В большом интервью «Белсату» известный бизнесмен Александр Муравьев рассказал, как шил трусы спортсменам, из-за чего приехал в Москву как австриец и был ли «новым русским».
— Вы рассказывали, что профессионально и успешно занимались спортом. Почему мы не увидели олимпийца Александра Муравьёва, который бы ездил и представлял Беларусь на Олимпиадах?
— Я попал не в ту армию: поступил в институт, и сразу меня забрали. С первого курса. Сначала загрузили в автобус, который шел в Афганистан [СССР вел в 1979-1989 гг. войну в Афганистане — Ред.] или куда-то еще, затем выгрузили всех и меня отправили домой. Успели оформить какие-то документы. Потом меня опять отправили туда. Первые шесть месяцев я был в учебке в Печах. Потом в Борисове в кадрированном [недоукомплектованном — Ред.] полку. Потом меня как-то вытащили в спортроту в Уручье… но прошло уже восемь месяцев. Естественно, на возвращение [в спорт. — Ред.] после восьмисячного перерыва нужно время…

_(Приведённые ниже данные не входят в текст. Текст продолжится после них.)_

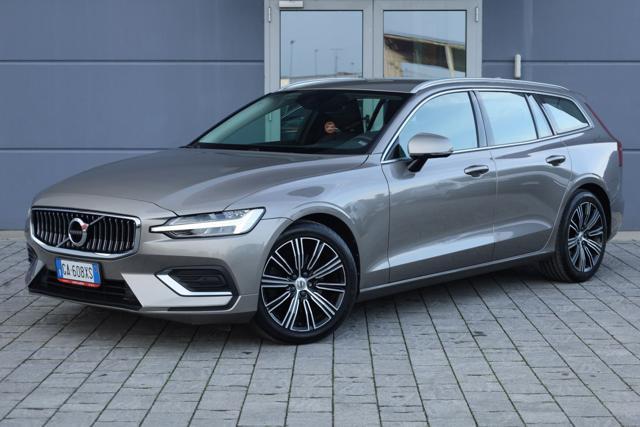 VOLVO V60 Cross Country D3 AWD Geartronic Inscription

В 1986-м я вернулся и начал очень усердно тренироваться, попал в больницу с воспалением легких — переусердствовал, потом опять вернулся. Я очень четко помню соревнования в Беларуси, когда звучит «Старт» — а я не хочу, и все. То есть весь запал, который был во мне 10 лет, вся злость — их раз, и не стало. Я пробежал 10 метров, прыгнул в длину, толкнул ядро, подошел к тренеру и показал вот этот знак [показывает Х — Ред.]. Он посмотрел на меня и глазами показал: «Да». Этот день я очень хорошо помню.
— И что дальше?
— Это катастрофа была. Соревнования проходили в Стайках, я вернулся домой, понимая, что все понятные и логичные цели — что надо тренироваться, учиться, надо стать спортсменом, потом великим тренером или великим деятелем, — потеряли смысл. Я понял, что не выполнил первый норматив, а впереди еще два года института. Зачем в этот институт ходить? Это раз. Второе, спортсменам какие-то талоны на питание выдавали: четыре рубля в день, когда три, когда пять. Это какие-то карманные деньги, какая-то степень свободы, но и понимаешь, что снимаешь нагрузку с родителей. И я понял, что всё, надо что-то придумывать.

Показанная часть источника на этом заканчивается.